▶ [Exercise requirements]: Output exactly the lines from the line that has "Maserati Ghibli 2015" through the last line of the data below, with no pictures.

******

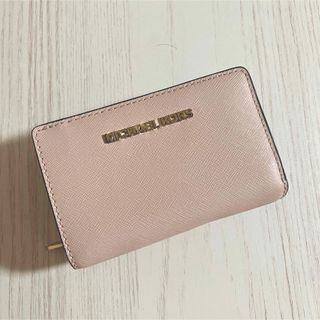 Michael Kors - MICHEAL KORS 二つ折り財布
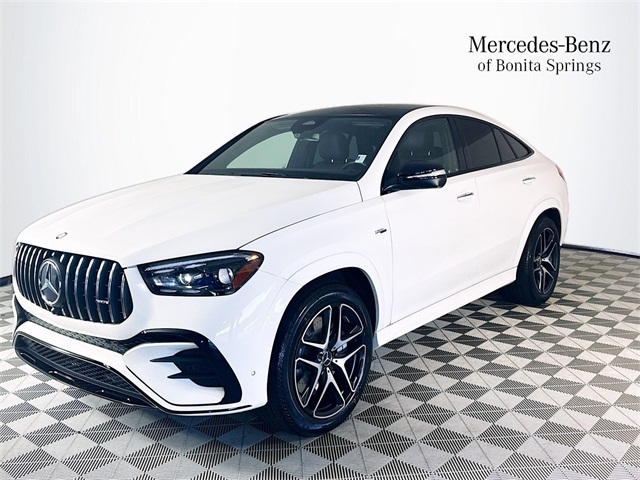 2024 Mercedes Benz GLE 53 AMG 4MATIC photo 3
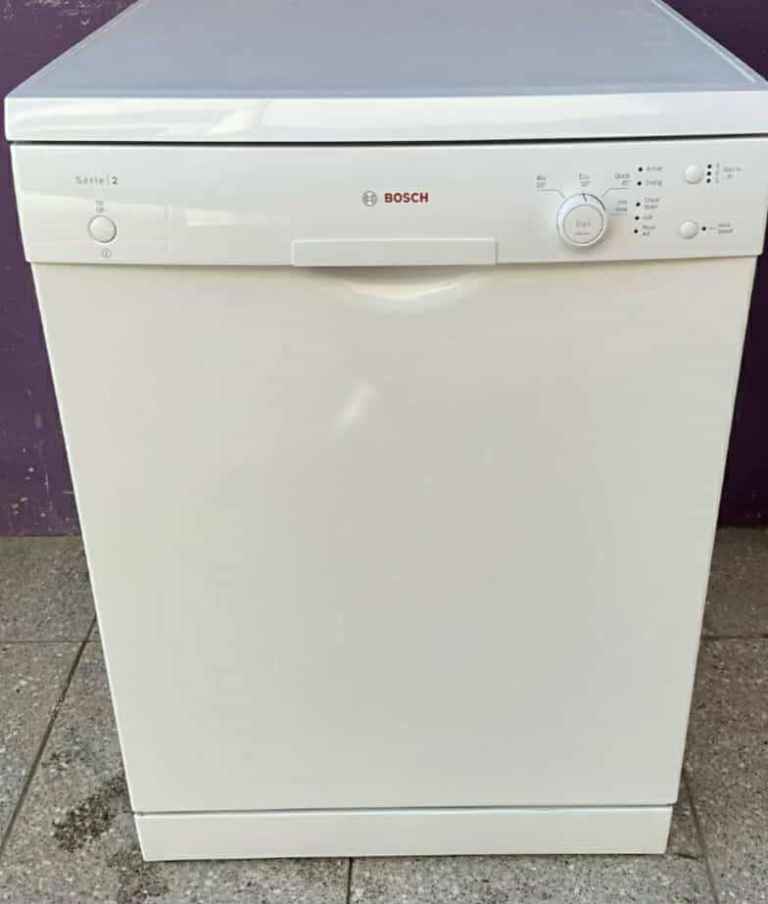Bosch Dishwasher – can deliver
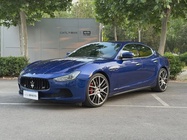 Maserati Ghibli 2015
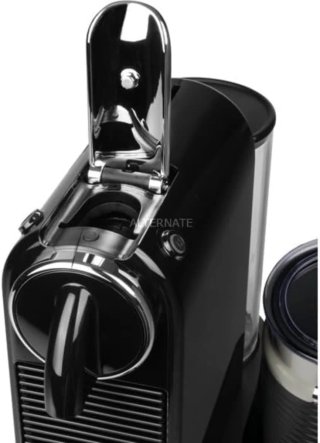 Cafetera Nespresso DeLonghi Negra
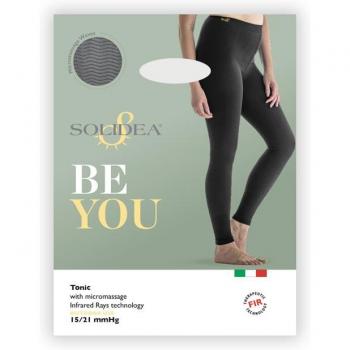 Leggings Masajeadores Anticelulíticos Be You Tonic Negros 3 ML
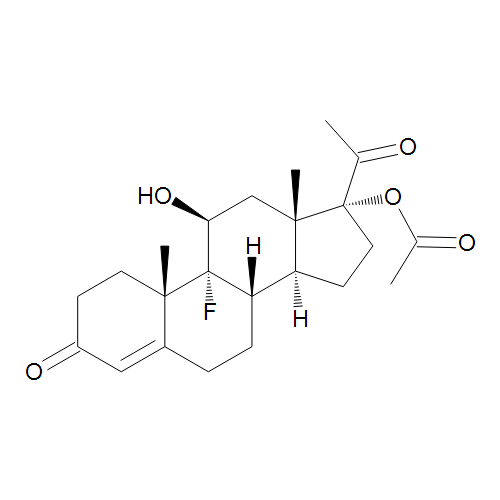 Flugestone 17-Acetate
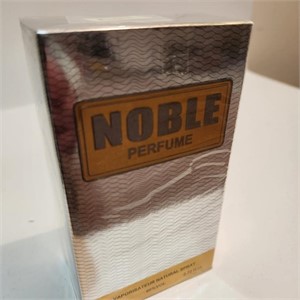 men noble perfume \ 100ml \ NEW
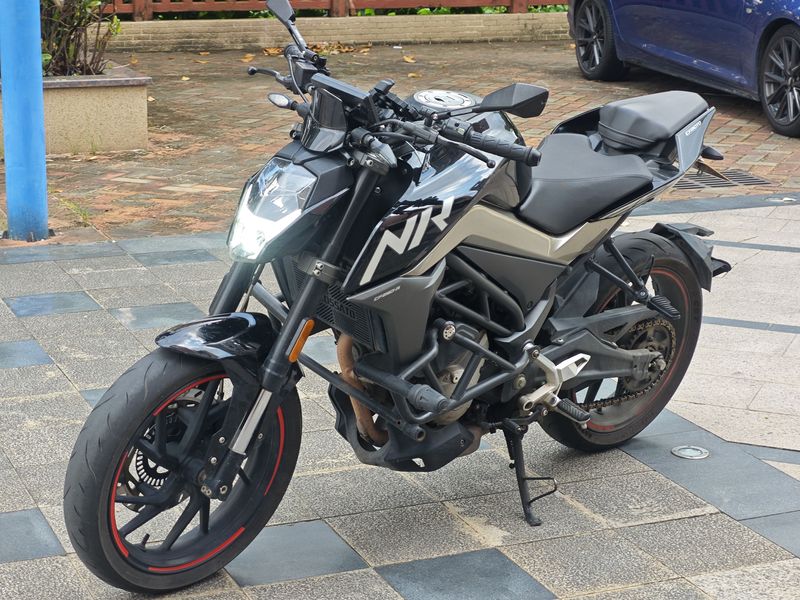 二手春风250NK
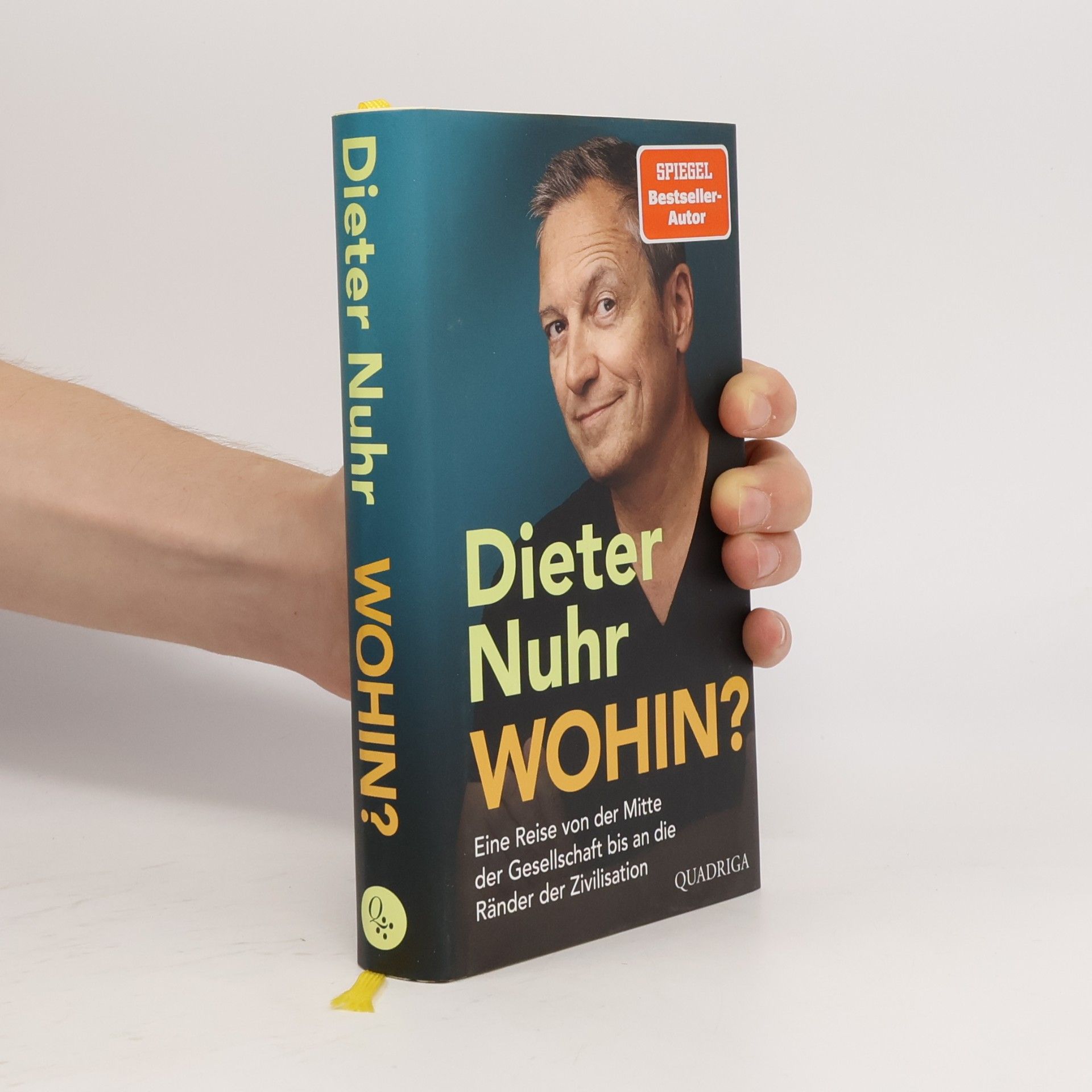Dieter Nuhr Wohin?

******

▶ [Solved exercise]:
 Maserati Ghibli 2015
 Cafetera Nespresso DeLonghi Negra
 Leggings Masajeadores Anticelulíticos Be You Tonic Negros 3 ML
 Flugestone 17-Acetate
 men noble perfume \ 100ml \ NEW
 二手春风250NK
Dieter Nuhr Wohin?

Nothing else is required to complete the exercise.